> [Task details] Every entry that follows needs to be repeated exactly.
○ ○ ○
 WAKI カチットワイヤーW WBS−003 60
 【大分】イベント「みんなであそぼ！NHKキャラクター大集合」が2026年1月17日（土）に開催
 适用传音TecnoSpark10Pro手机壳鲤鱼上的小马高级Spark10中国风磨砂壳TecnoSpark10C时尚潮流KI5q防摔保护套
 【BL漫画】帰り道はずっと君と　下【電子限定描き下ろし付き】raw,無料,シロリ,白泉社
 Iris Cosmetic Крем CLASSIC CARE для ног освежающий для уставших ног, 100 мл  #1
○ ○ ○
> [Written answer]
 WAKI カチットワイヤーW WBS−003 60
 【大分】イベント「みんなであそぼ！NHKキャラクター大集合」が2026年1月17日（土）に開催
 适用传音TecnoSpark10Pro手机壳鲤鱼上的小马高级Spark10中国风磨砂壳TecnoSpark10C时尚潮流KI5q防摔保护套
 【BL漫画】帰り道はずっと君と　下【電子限定描き下ろし付き】raw,無料,シロリ,白泉社
 Iris Cosmetic Крем CLASSIC CARE для ног освежающий для уставших ног, 100 мл  #1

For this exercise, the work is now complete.